→ ASSIGNMENT:
Below are the records; extract from them the line containing "Barbie Fashion Show Screenshot" to the line containing "J30J SERIES MICRO-D", both lines included, exactly and with no pictures.

→ RECORDS SUPPLIED:
_ _ _

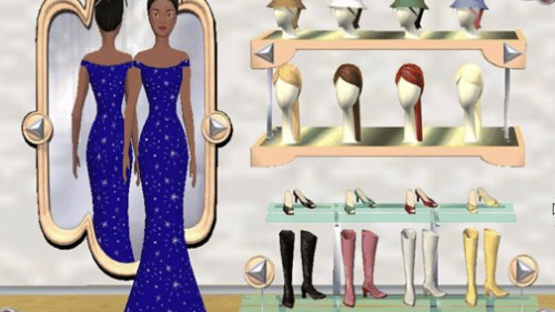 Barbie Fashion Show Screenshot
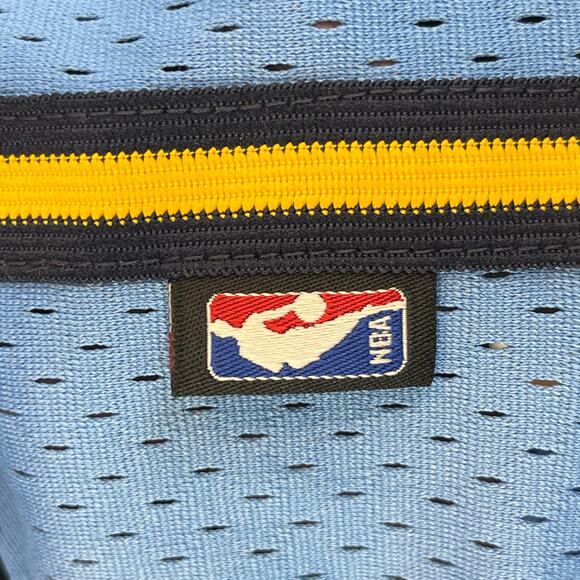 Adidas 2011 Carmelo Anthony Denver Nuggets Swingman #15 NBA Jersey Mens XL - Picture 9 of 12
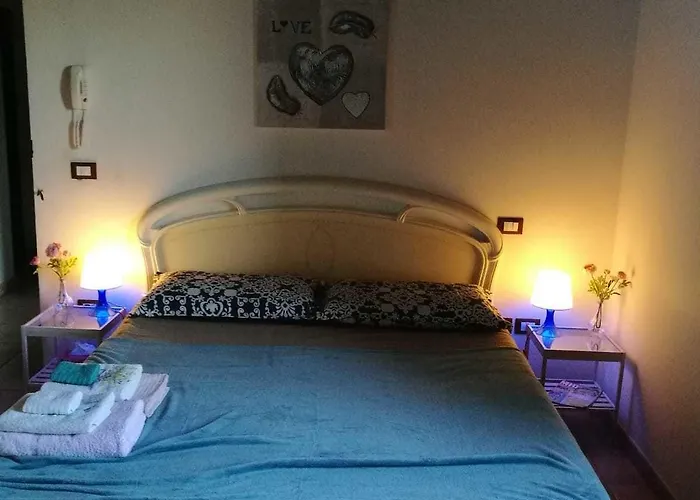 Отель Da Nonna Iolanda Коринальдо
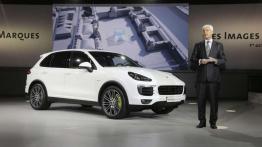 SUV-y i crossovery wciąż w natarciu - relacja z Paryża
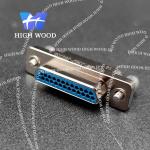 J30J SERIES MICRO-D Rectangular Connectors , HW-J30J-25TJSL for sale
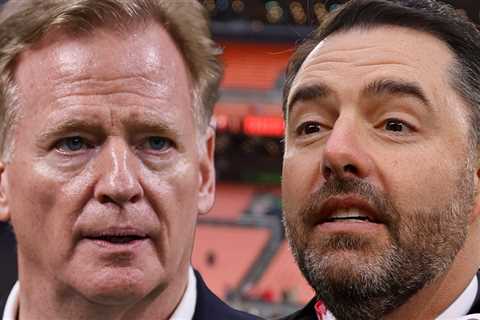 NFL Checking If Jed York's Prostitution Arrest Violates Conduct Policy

_ _ _

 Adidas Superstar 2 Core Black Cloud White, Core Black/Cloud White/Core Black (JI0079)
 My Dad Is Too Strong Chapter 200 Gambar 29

_ _ _

→ REPLY TO THE TASK:
 Barbie Fashion Show Screenshot
 Adidas 2011 Carmelo Anthony Denver Nuggets Swingman #15 NBA Jersey Mens XL - Picture 9 of 12
 Отель Da Nonna Iolanda Коринальдо
 SUV-y i crossovery wciąż w natarciu - relacja z Paryża
 J30J SERIES MICRO-D Rectangular Connectors , HW-J30J-25TJSL for sale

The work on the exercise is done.